The End of Easy Money

In an effort to fight the highest levels of inflation since 1981, (8.5% in March,  8.3% in April and 8.6% in May) the Federal Reserve Bank raised short-term interest rates by the largest amount since 2001.  

There is no getting around the reality that inflation and rising interest rates have altered the financial landscape for everyone. 

It is critical that church and faith-based nonprofit leaders understand the financial impact inflation and rising interest rates are already having on your ability to fund your ministry plans. 

This short blog is an overview of why the financial landscape is changing so quickly and a discussion of three points of concern that you, as a church or faith-based nonprofit leader, need to understand and take action to address. Feel free to share it with others in leadership with you.

The Changing Financial Landscape

Since the Great Recession in 2008, the American economy has enjoyed a season of tremendous growth and prosperity marked by:

  • historically low interest rates and rates of inflation
  • a stock market that has risen 558% - 6,594 in Mar 2009 to 36,799 in Jan 2022
  • a 27% increase in annual philanthropic giving - from under 330 billion to over 450 billion 
  • a consistently strong job market- especially for those fortunate enough to be well-educated. 

What has changed?

The sudden increase in demand for almost every raw material, consumer good, and service resulting from the worldwide pandemic recovery has overwhelmed the availability of raw materials, manufacturing, and delivery systems across the globe. The aging population in the United States (U.S.) is also fueling wage inflation through retirements.  The percentage of the population that is working or actively looking for work continues to shrink from 67% in 2,000 to 63% in 2022. This loss of 6% of the working population coupled with growing demand for labor has driven the national unemployment rate to an extremely low 3.6% and is pushing wages upward. 

Russia's invasion of Ukraine is creating fears of worldwide shortages of oil, gas, and agricultural production. Ukraine and Russia export about 30% of the world’s wheat, 60% of the world’s sunflower oil, and 20% of the world’s corn. Russia is the second-largest gas producer and the third-largest oil producer in the world. 

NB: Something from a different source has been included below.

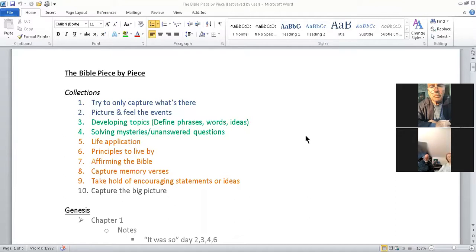The last principle, number ten in gray, is to capture the big picture — allowing each part of the Bible to be a puzzle piece to the whole story. I'm going narrow when looking specifically at a passage to get its meaning, and then going broad to see how that meaning connects to the rest of the Bible.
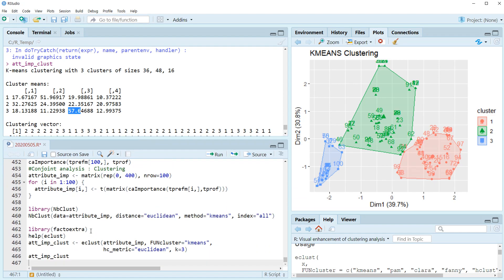All right. So today I showed you how to use attribute importance for cluster analysis. We can also use the NbClust and factoextra libraries for visualization and more detailed cluster analysis. I hope it was useful for you to understand how to use conjoint analysis outputs for cluster analysis. Please click like and subscribe if it was useful for you. Thank you.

As demand outstrips supply, prices go up. The rate at which prices increase is called the inflation rate. The U.S. annualized inflation rate was 8.6% in May- a level that has not been seen in over 40 years.  

The Federal Reserve Bank's main inflation-fighting tool is to raise short-term interest rates to cool inflationary pressures by slowing demand for goods and services by raising the cost of borrowing. 

A good example of how higher interest rates reduce demand can be found in a new home purchase. A home buyer that finances their purchase has a fixed monthly amount they are willing and able to spend on a home payment. Each 1% rise in the interest rate on a 30-year mortgage reduces by 9-11% the amount of the home they can purchase and still maintain the same monthly payment.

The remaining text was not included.